Mike Will Made-It recalls having no footing in his early days in Atlanta’s underground. He also had no management at the time, even during a breakout time for him thanks to producing singles including “Bandz a Make Her Dance” by Juicy J, “No Lie” by 2 Chainz, and “Turn On the Lights” by Future.

“This was a significant part of my career. I was hungry. I was like starving, literally. I ain’t have no management at this time,” he said during an interview with “DraftKings.” “I ain’t know nothing about the music business. I wasn’t getting no money off of music or nothing like that.”

His turning point began after working with artists like Rihanna for her single “Pour It Up” and Miley Cyrus to create “We Can’t Stop.” By this time, his fee had increased from $500 a track to over $2,000, notes Forbes.

“They believed in me as a producer,” Mike Will Made-It told Forbes. “Miley, she was the first artist to make me an executive producer on her album [2013’s Bangerz]. And that was a major pop album. It was amazing.”
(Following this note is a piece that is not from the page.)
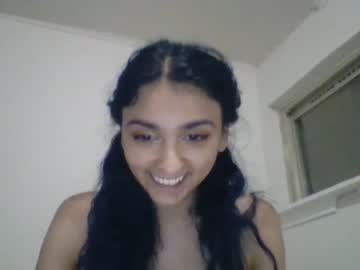 girl
        dreamymermaid cam image #92111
Between 2012 and 2014, Mike Will Made-It spent a lot of time with Jimmy Iovine, chairman and CEO of Interscope Geffen A&M at the time. He then signed his own label, Ear Drummer Records, to Interscope Records, which birthed Hip-Hop group Rae Sremmurd.

“I ain’t want to do anything where I was going to lose that so I was nervous… and then that’s when Jimmy was just telling me like, ‘Man, yo man, you can’t lose. You’re not a loser… You can either learn or earn,'” Mike Will Made-It said on “DraftKings.” “That sh-t stuck with me… First artist we signed was Rae Sremmurd.”

He lived out the “learn or earn” philosophy. He says he’s made an estimated $40 million in the last two years from his music production catalog and publishing fees, as AFROTECH™ previously reported.

 “I’m great,” Mike Will Made-It expressed, per Forbes. “I’m in a position I never imagined.”